Additionally, we find that there continues to be a culture in medicine of poor self-care, despite the oath we will take to care for others. This is likely rooted in a long-standing stigma toward the admission of weakness or vulnerability — many physician trainees, who are under frequent evaluation, carry a deeply ingrained fear of not being good enough or not living up to expectations, and do not want to be seen as weak or less capable due to a mental health problem.
This is not a simple problem; nor is there a simple solution, but is critical that the medical community addresses it nonetheless. So what can we do about this issue in medicine today?
As medical students, we certainly do not have all of the answers; we do not have the time or knowledge to change things alone, but that doesn’t mean we shouldn’t try or shouldn’t get the process started now. One of the most important, immediate changes that we as medical students can make is to start the process of destigmatizing mental health in medicine.
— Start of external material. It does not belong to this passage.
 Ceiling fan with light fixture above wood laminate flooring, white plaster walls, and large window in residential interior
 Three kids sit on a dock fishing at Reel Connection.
Opening up and talking about mental health issues, including our own struggles, will help our fellow classmates feel safe and comfortable enough to seek help when they are in need and can go a long way towards changing the culture of medicine and medical education. This won’t change the world of medicine overnight, but we can take a big step in that direction.
If we start advocating for mental health and encouraging safe dialogue about this issue early in our medical education, perhaps we can cause real change for generations of doctors to come. We can call for mental health services for medical students and other health care workers and actively resist the stigma associated with seeking those services. We can push for coping skills education, for supportive communities and mentors that encourage us to open up about our struggles, and create a safe space for talking about mental health. We can recognize that learning how to take good care of patients also means learning how to take good care of ourselves and our mental health — these are not mutually exclusive concepts and one doesn’t have to come at the expense of the other. Addressing mental health issues among ourselves will not only make us happier, healthier medical students in the short-term. Early attention to mental health and wellness, and to the development of coping skills, can help to ease our transitions into residency and physicianhood. Doing so is an essential, though commonly overlooked component of overall well-being, and one that will make us better physicians in the long-term.
In order to maintain our quality as physicians when dealing with mental illnesses of our own, we need to be taught how to better perceive and address our own emotional and self-care needs, rid ourselves of the negative societal associations with mental illness, and to not only feel safe reaching out for help, but also have the resources in place to do so. The onus lies on all members of the medical community — current physicians, medical educators, and us as physicians-in-training — to make such changes happen. The conversations have begun this week with the pieces published during in-Training‘s Mental Health Week. Let’s keep going.